Ahora bien, también existen oportunidades que no deben perderse de vista. La discusión sobre el financiamiento público de los partidos es legítima en un país con crecientes demandas sociales y limitaciones presupuestales; asimismo, la revisión del sistema de representación podría ser un espacio para repensar la sobrerrepresentación y la equidad en la competencia electoral. Sin embargo, estas oportunidades solo podrán materializarse si el proceso se lleva a cabo con transparencia, debate informado y mecanismos de participación social.

 

En este punto, resulta indispensable subrayar la importancia de conocer y comprender el escenario político que se ha configurado en la 4T. La sociedad mexicana se encuentra profundamente dividida: mientras un sector defiende las reformas como parte de una “verdadera democracia popular”, otro denuncia que se trata de un retroceso autoritario.

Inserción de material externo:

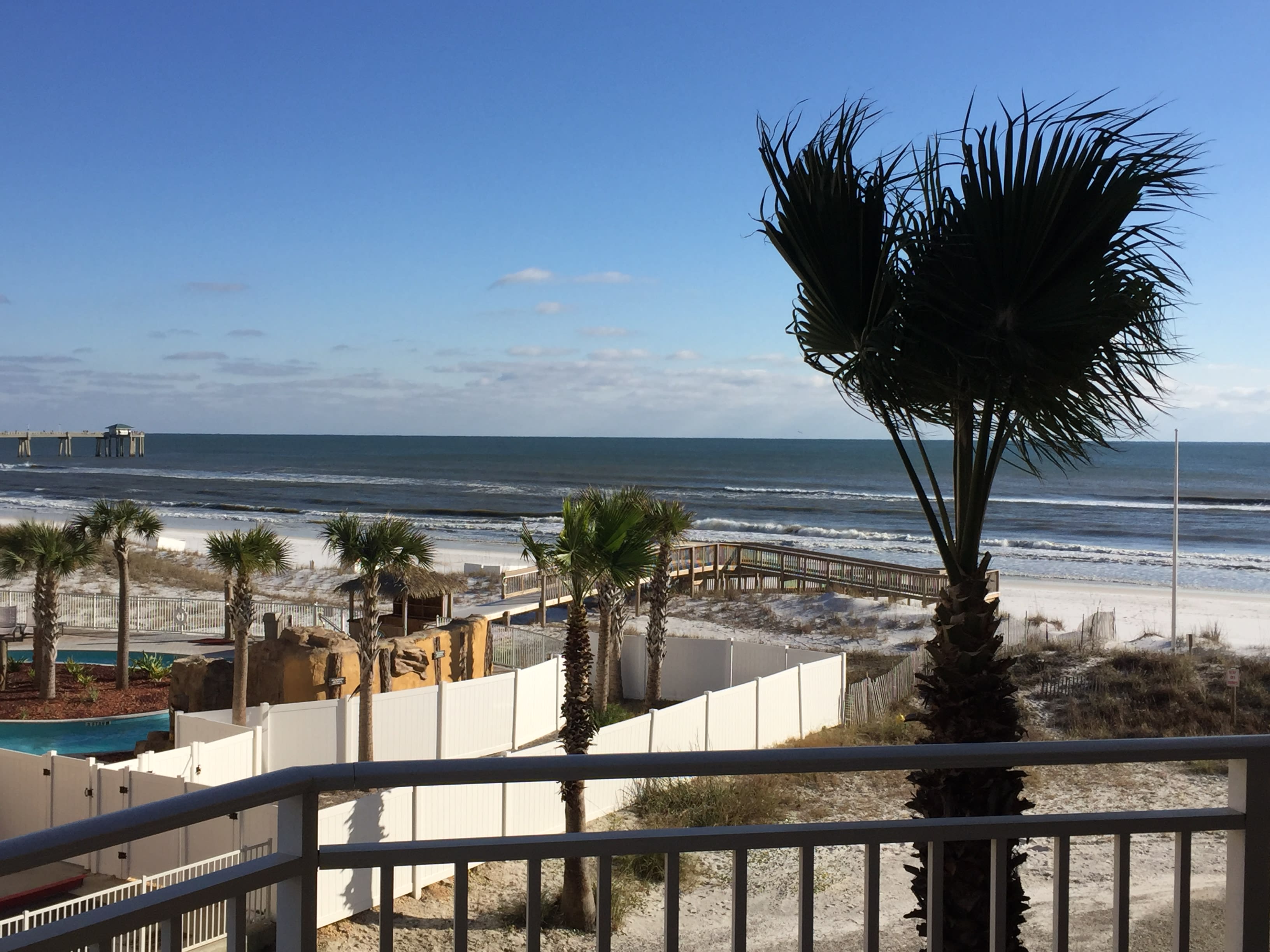 Views of Gulf from balcony; doors open fr suites and living area to balcony.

Esta polarización se refleja también en la manera en que se mide la aprobación presidencial. Los altos niveles de respaldo que se registran en encuestas se presentan como prueba de legitimidad, pero detrás de esos números existen tensiones sociales, inconformidades ciudadanas y una oposición debilitada que no logra articular alternativas claras.

 

La democracia, sin embargo, no puede reducirse a índices de aprobación ni a narrativas polarizantes. Su fortaleza depende de la combinación entre instituciones sólidas y participación ciudadana informada. La experiencia reciente de la reforma judicial mostró que la resistencia ciudadana se tradujo, en buena medida, en abstención electoral: un acto político que, lejos de fortalecer la democracia, debilitó su carácter participativo. Si frente a la nueva reforma política ocurre algo similar, México corre el riesgo de perpetuar un círculo vicioso de desinformación, apatía y concentración de poder.

 

En perspectiva, el debate sobre la reforma política no debería centrarse únicamente en la confrontación entre Morena y la oposición, ni en la disputa entre quienes apoyan o rechazan a la presidenta. El verdadero eje de análisis está en qué tipo de democracia queremos construir: una democracia de instituciones sólidas, pluralismo político y contrapesos efectivos, o una democracia reducida a la voluntad mayoritaria sin mecanismos de control ni participación de la sociedad.

 

En conclusión, frente a la inminente reforma política, el reto para México no es solo evaluar los cambios que se planteen, sino también exigir el proceso bajo el cual se construirán. De ello depende que las reformas no se conviertan en caprichos políticos, sino en verdaderos instrumentos para fortalecer la democracia. Para la ciudadanía, para la oposición y para quienes estudiamos la política, el desafío consiste en abandonar las filias y fobias partidistas, e involucrarnos críticamente en la discusión.